The kitchen was my mother’s lair. Not because she loved cooking. Just the opposite. She hated it. She almost took pride when she announced to family and friends that she was the worst cook in the world, bashing all stereotypes of a New York Jewish mother.

The results of her cooking ranged from sufficient to inedible. There’s the time we all remember with crystal clarity, when she tried her hand at homemade spaghetti sauce. She slaved for hours, poring over the cookbook, measuring, adding ingredients slowly, stirring and simmering. This would be her crowning glory. We held the spoonfuls of sauce to our lips in anticipation. Wait…. What the…. We tried to eat it; we really did. In exasperation, Mom poured it over the dog’s food. The dog took one sniff and bolted for the living room.

The one thing she always got right was spaghetti. After the fiasco, she never tried homemade sauce again, and she didn’t even use Ragu. She gave us spaghetti with ketchup, a delicacy in 1940s Brooklyn when she grew up. We inhaled it, going back for seconds and thirds. To this day, when I’m feeling a little low, I cook up some spaghetti and drown it in ketchup.

The kitchen was hers because almost any time of day or night, you could find her sitting at the kitchen table with a cup of coffee, reading a book. Her signature posture was sitting holding her nose up. That’s not a euphemism. She literally sat with her index finger poised on the tip of her nose, pushing it up making a pig nose. It’s a habit she got into when she was 16 and got her nose “fixed.”

The TV was always on for background noise, as she pored through book after book. She completely tuned out the world around her and lost herself in stories about the playgrounds of the rich and famous, hiding their meager upbringings, written by her favorites, Danielle Steel and Sidney Sheldon. She would take a quick break to serve dinner to my sisters and me (Dad ate after work) and then return to her book. You can imagine the noise made by three teenage girls—the arguments, the gossip, the complaints about the food—but she’d keep reading. Her head would pop up only when we were laughing. She loved to laugh, joining in and laughing the loudest. When she really got going, the laugh changed to a call that sounded like woo hoo hoo, woo hoo hoo. That’s how we knew we really got her.

We’re all grown now. My sisters both taught themselves to cook very well. Me, I can make two things: baked ziti and meatloaf. It took until my 50s to master those. Mom doesn’t cook at all anymore. We’ve attempted to make meals for her and my dad, but they prefer the burnt hot dogs and steak with all the life cooked out of it of days gone by.

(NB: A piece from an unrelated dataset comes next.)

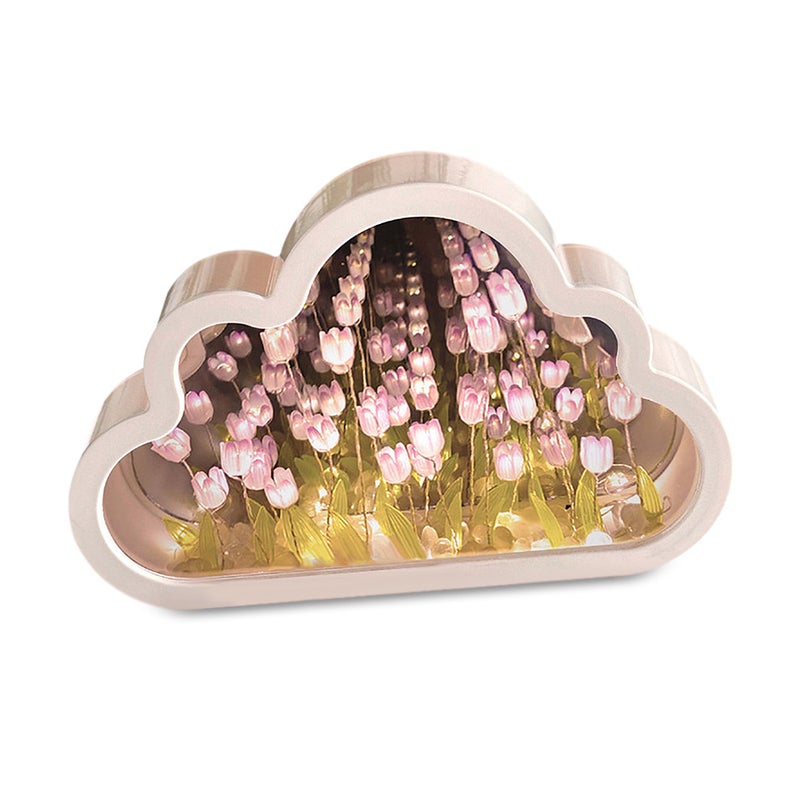 Cloud Tulip Night Light Cloud Tulip Lamp infinite Mirror Handmade Cloud Lights for Bedroom,Kids Night Lights Gifts for Girls Friends for Anniversaries Christmas Mother's Day - Image 1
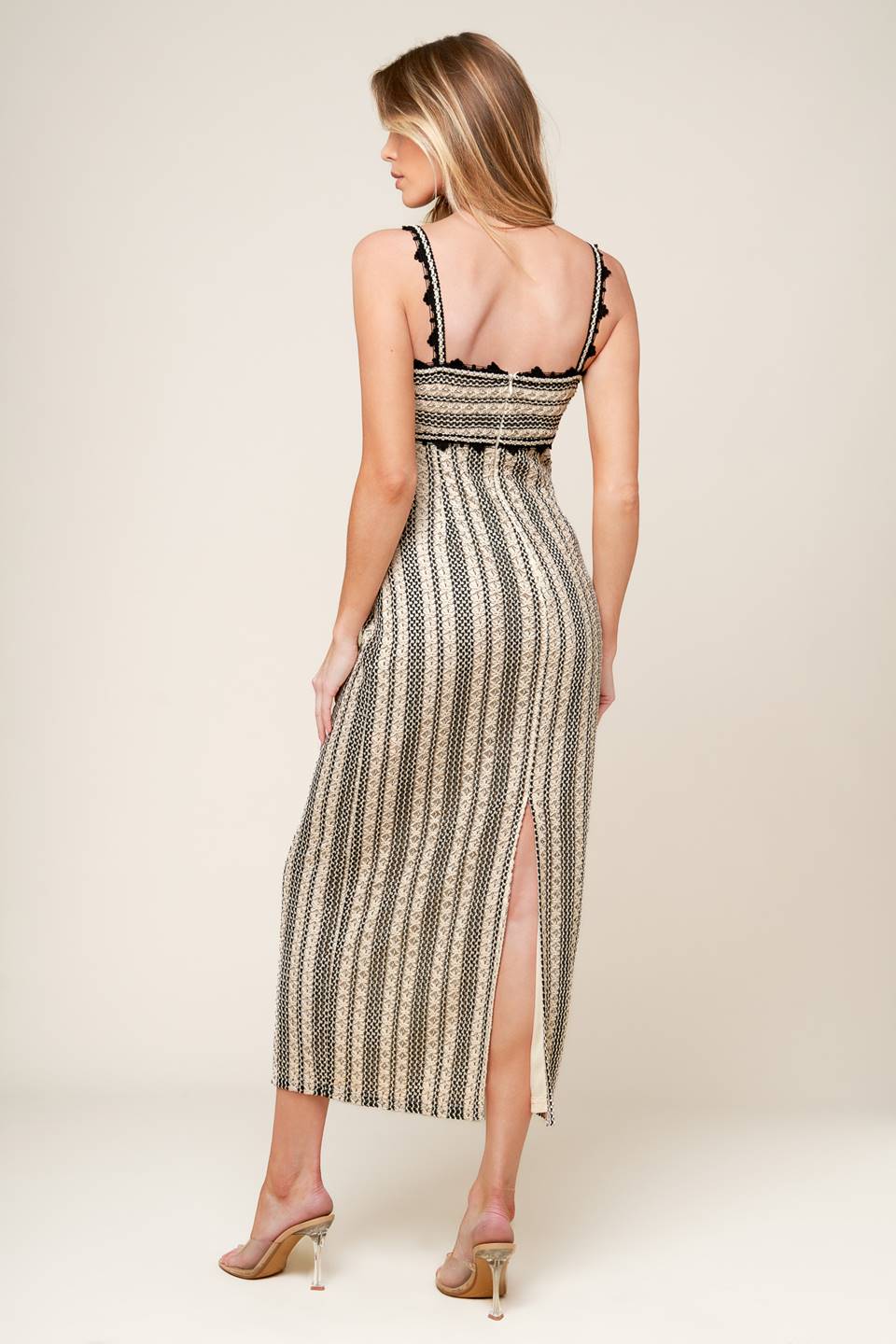Lady Black Tie - Take Me Away Crochet Lace Midi Dress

I’m nearing 60, with two grown children of my own. Mom’s voracious reading instilled a love of reading in me, and inspired my writing career. I laugh long and loud, much to the embarrassment of my children. But this afternoon, I found myself sitting at the kitchen table, drinking coffee and reading a book. I had to try it: I pressed my index finger to the tip of my nose. It wasn’t so bad sitting like that.  You know what came next. I cooked up a batch of pasta and poured ketchup all over it.

I called my almost 90-year-old mom to say, “You know, it wasn’t all bad.” She laughed hysterically; I almost got the woo hoo out of her.

The passion for reading and writing was passed down another generation to my daughter. Spaghetti and ketchup, not so much. I have to admit it’s an acquired taste.  

Dana Klosner-Wehner is a feature writer and essayist who lives in New York. Her work has been included in Chicken Soup for the Soul: My Crazy Family, on Next Avenue, and on Motherhood Later. She is currently working on an anthology about Beatles fans. She can be found at www.DanaKlosner.com.

Baked Ziti

1 lb. ziti

15 oz. ricotta cheese

1 lb. mozzarella, cut into small cubes

24 oz. jar Prego Traditional Sauce

1/4 c. grated Parmesan

Bring a large pot of salted water to boil, and cook ziti according to package directions.

Drain.

Preheat oven to 350 F.

Mix pasta with ricotta, mozzarella cheese, and sauce.

Add Parmesan and mix again.

Spray a deep 8-inch square pan with cooking spray (do not use butter).

Spread mixture in pan, cover with aluminum foil, and bake for 30 minutes.

Remove foil and bake for another 15 minutes.